AI Agents in the Wild - Project Sid
How would 1000s of AI agents behave if they are let loose in a digital world? Would they form their own societies and rules? Would they work on shared goals? Or would they evolve and create surprising behaviors?
Project Sid tried to give us an answer.
When I first saw this video about Project Sid about a month back, I didn’t believe it was real. It was too good to be true. There were a plenty of open questions. They hadn’t published any technical details on how it was done. I remember watching the video and searching through Twitter to see if any of the project members had posted anything about it; only to find a post from the company that they are preparing a technical report.
So, they did publish the report earlier today. This is based on a quick read.
Here’s project Sid according to Altera the company behind the work.

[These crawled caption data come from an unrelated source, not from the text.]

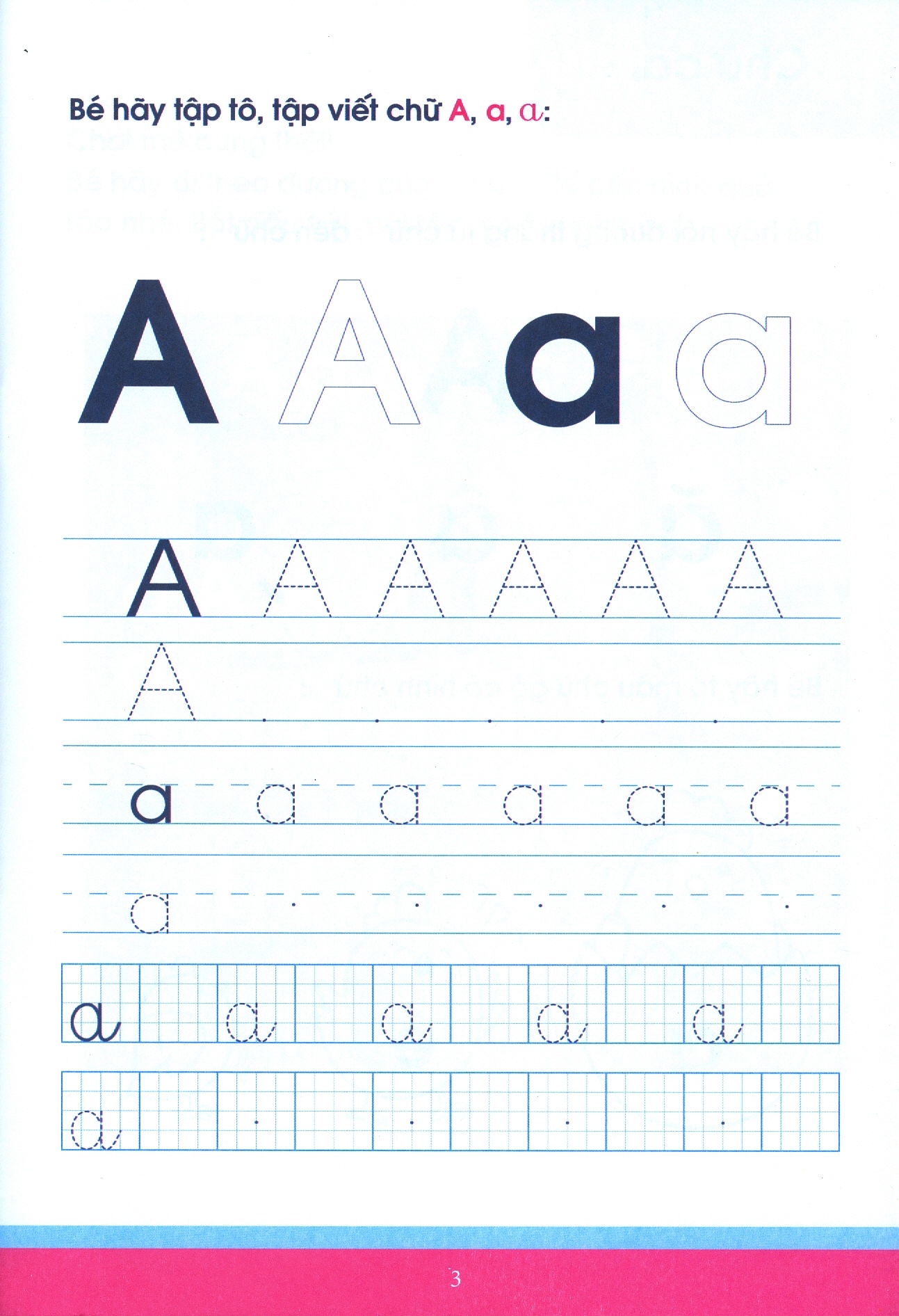 bộ vở nhận biết và tập viết abc qua các trò chơi trí tuệ - tập 1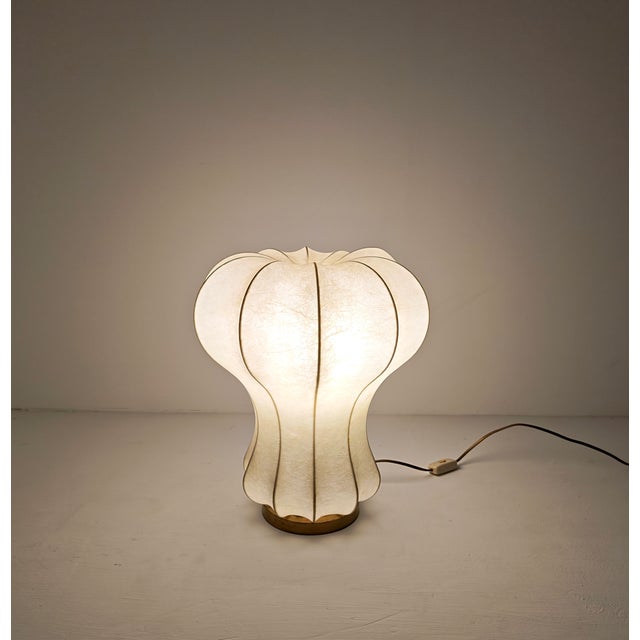 Beige Italian Cocoon Gatto Table Lamp by Achille and Pier Giacomo Castiglioni for Flos, 1960s For Sale - Image 8 of 12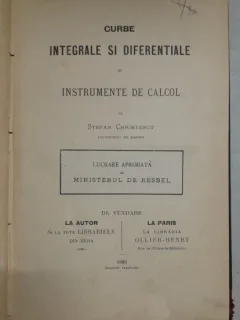 Curbe integrale si diferentiale si instrumente de calcul - Stefan Christescu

“What does it look like to have a civilization of AI agents? How far away are we from Westworld? Are we able to align the AI civilization with human civilization? We introduce Project Sid, our first step towards exploring these questions. Under Sid, we investigated many scenarios and aspects of society, including democracies, regulation of social norms, societal roles, hierarchies, trading, economy, religion, and more. Simulating tens, hundred, and even thousands of agents together, we discovered phenomena and challenges never seen before at a small scale with just a few agents.“
They ran multiple simulations sometimes with more than 1000+ AI agents behaving and developing in an agent society of sorts. They start with their roles as defined in the configuration but slowly developing into some new behaviors that are fascinating. This experiment was done in a controlled minecraft server (presumably with some mods that allow the agents to interact and control the environment through APIs).

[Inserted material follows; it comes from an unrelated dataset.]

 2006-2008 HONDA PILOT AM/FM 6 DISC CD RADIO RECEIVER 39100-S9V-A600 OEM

Here are a few highlights:
Adoption of specialized roles: Some agents adopted specific roles within their societies, such as farmers, miners, and engineers, based on their interactions and the community's needs. The agents that took the role of Guards took up the responsibility of setting up fences, protecting the community etc. ?
In one of the reports, it showed that some Agents changed their roles dynamically based on the needs and inherited the role’s behavior. An explorer agent, became a trader agent and then became an engineer and then became a strategist.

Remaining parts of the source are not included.